Seq2Seq in CNTK : Run Time Error Function Only supports 2 dynamic axis


I am trying to implement a basic translation model where input and output are sentences in different languages in CNTK using LSTMs.

enter image description here

To achieve this I am creating model as follows :

def create_model(x):
    with c.layers.default_options():
        m = c.layers.Recurrence(c.layers.LSTM(input_vocab_size))(x)
        m = sequence.last(m)
        y = c.layers.Recurrence(c.layers.LSTM(label_vocab_size))(m)
        return m

batch_axis = Axis.default_batch_axis()
input_seq_axis = Axis('inputAxis')
input_dynamic_axes = [batch_axis, input_seq_axis]
raw_input = input_variable(shape = (input_vocab_dim), dynamic_axes = input_dynamic_axes, name = 'raw_input')
z= create_model(raw_input)

But I am getting following error :

RuntimeError: Currently PastValue/FutureValue Function only supports input operand with 2 dynamic axis (1 sequence-axis and 1 batch-axis)

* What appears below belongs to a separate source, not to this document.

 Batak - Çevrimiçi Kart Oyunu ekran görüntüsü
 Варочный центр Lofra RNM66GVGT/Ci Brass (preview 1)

As per I understand, dynamic axis are basically those axis which gets decided after data gets loaded, in this case batch size and length of input sentence. I don't think I am changing the dynamic axis of input anywhere.

Any help is highly appreciated.


Solution

  • The last() operation strips the dynamic axis, since it reduces the input sequence to a single value (the thought vector).

    The thought vector should then become the initial state for the second recurrence. So it should not be passed as the data argument to the second recurrence.

    In the current version, the initial_state argument of Recurrence() cannot be data dependent. This will be soon possible, it is already under code review and will be merged to master soon.

    Until then, there is a more complicated way to pass a data-dependent initial state, where you manually construct the recurrence (without Recurrence() layer), and manually add the initial hidden state in the recurrence. It is illustrated in the sequence-2-sequence sample.